Issue with PKA Engine implementation in Cryptocell 310. Modular multiplication not being performed properly

Hello all,

I have been working on the implementation of the PKA engine on CC310, and have been encountering some unexpected behaviours when using the modular multiplication and modular exponentiation.

For context, I am doing the implementation in Rust, and the code that execute the operation looks as follows:

fn execute_operation(cc_pka: &pac::CcPka, opcode: cc_pka::opcode::Opcode, 
    result_reg: u8, operand_a_reg: u8, operand_a_ctrl: u8, operand_b_reg: u8, operand_b_ctrl: u8, operand_size_idx: u32) {
    cc_pka.opcode().write(|w| unsafe {
    w.bits(
    ((result_reg as u32) << REG_R_POS)
    | ((operand_b_reg as u32) << REG_B_POS)
    | ((operand_b_ctrl as u32) << REG_B_CTRL_POS)
    | ((operand_a_reg as u32) << REG_A_POS)
    | ((operand_a_ctrl as u32) << REG_A_CTRL_POS)
    | (operand_size_idx << LEN_POS)
    | ((opcode as u32) << OPCODE_POS)
    )
    });


    while cc_pka.pka_done().read().bits() == 0 {}


    // We enforce an additional reduction
    cc_pka.opcode().write(|w| unsafe {
        w.bits(
        ((result_reg as u32) << REG_R_POS)
        | ((0 as u32) << REG_B_POS)
        | ((0 as u32) << REG_B_CTRL_POS)
        | ((result_reg as u32) << REG_A_POS)
        | ((0 as u32) << REG_A_CTRL_POS)
        | (1 << LEN_POS)
        | ((cc_pka::opcode::Opcode::Reduction as u32) << OPCODE_POS)
        )
        });
    
    while cc_pka.pka_done().read().bits() == 0 {}

    

}

 I have to enforce an additional reduction since otherwise it is not correctly implemented.
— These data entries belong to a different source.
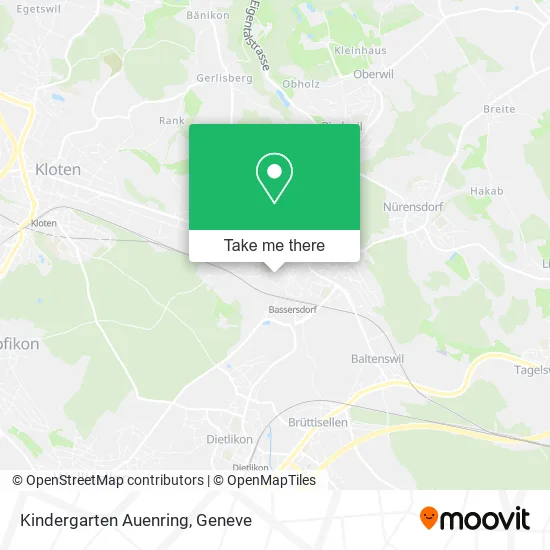 Kindergarten Auenring map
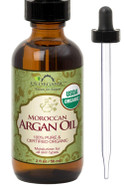 Us Organic Moroccan Argan Oil, Usda Certified Organic,100% Pure & Natural, Cold Pressed Virgin, Unrefined, 2 Oz In Amber Glass Bottle, For Hair Treatment, Skin, Nail, Cuticle, Sourced From Morocco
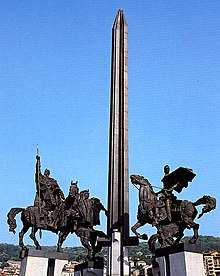Monument dynastie Asenovců v Tarnovu.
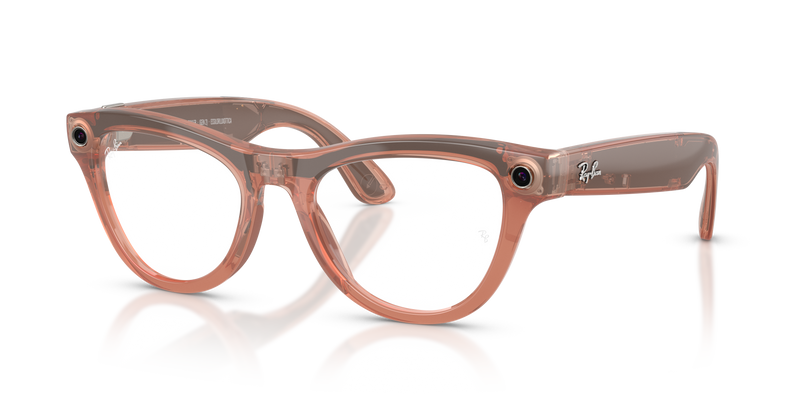Ray-Ban Meta Skyler - Peach / Clear/Brown (6778M4)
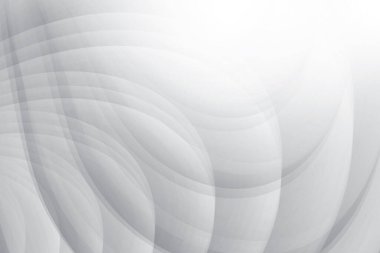 Soyut beyaz ve gri renkli, geometrik şekilli modern tasarım çizgili arka plan. Vektör illüstrasyonu.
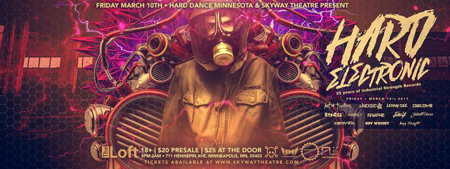 PARTY Fri March 10 - Hard Electronic Years OF ISR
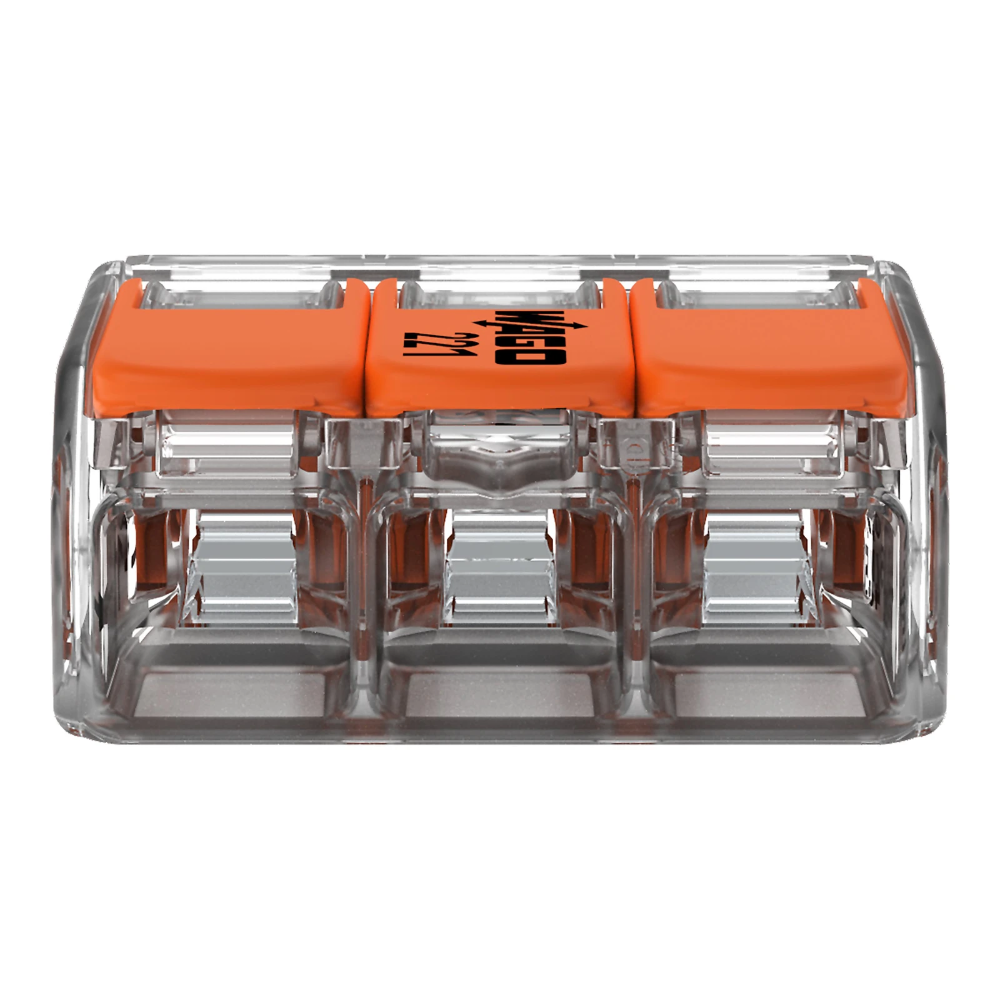 Miniatuur van Wago steekklem 3-voudig 4mm2 per 50 stuks (221-413)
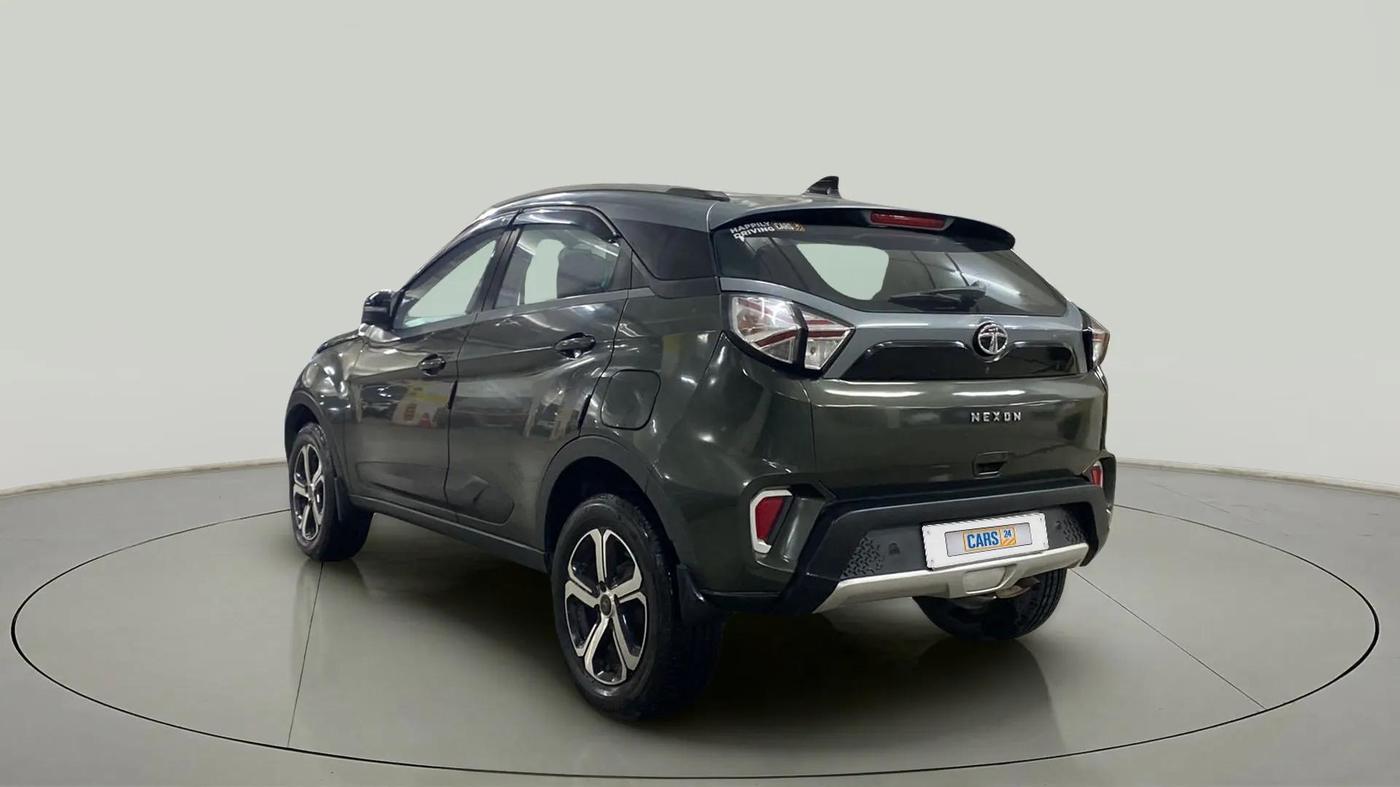 2021 Tata NEXON XZ PLUS PETROL, Petrol, Manual, 34,332 km, Left Back Diagonal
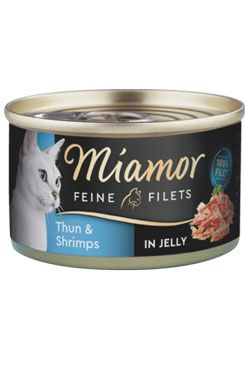 Miamor Cat Filet konzerva tuňák+krevety v želé 100g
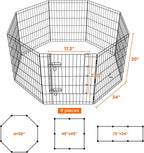 Yaheetech 30" High 8 Panel Foldable Metal Dog Exercise Pen Pet Playpen Dog - Image 5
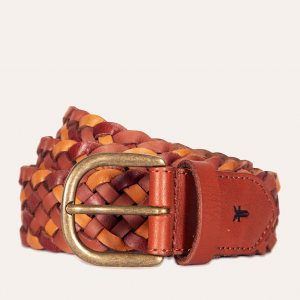 35mm Tonal Woven Leather Belt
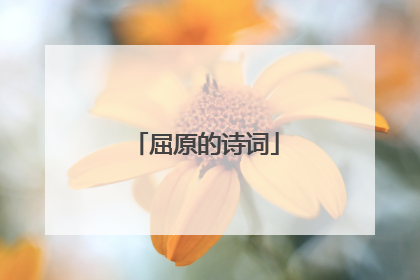 屈原的诗词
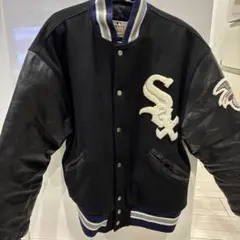超スペシャル 90s シカゴ ホワイトソックス スタジャン L ブラック 黒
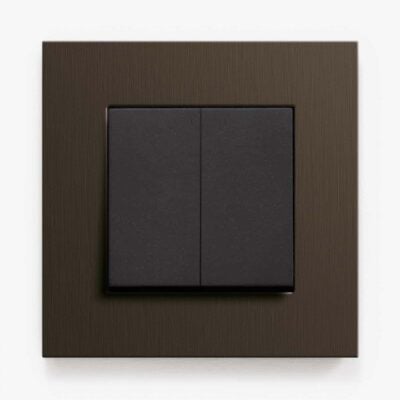 GIRA Esprit Dark Bronze light switch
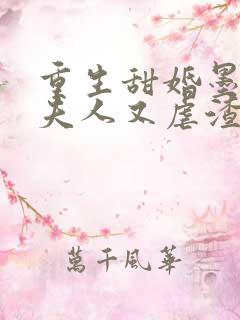 重生甜婚墨先生夫人又虐渣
I am guessing this has to do with the computation of NP, which I am not sure how to calculate and I have no test vectors to compare. Also, I have found different methods to compute it (currently following https://github.com/ARM-software/cryptocell-312-runtime/blob/update-cc110-bu-00000-r1p4/codesafe/src/crypto_api/pki/common/pka.c#L561 line 561).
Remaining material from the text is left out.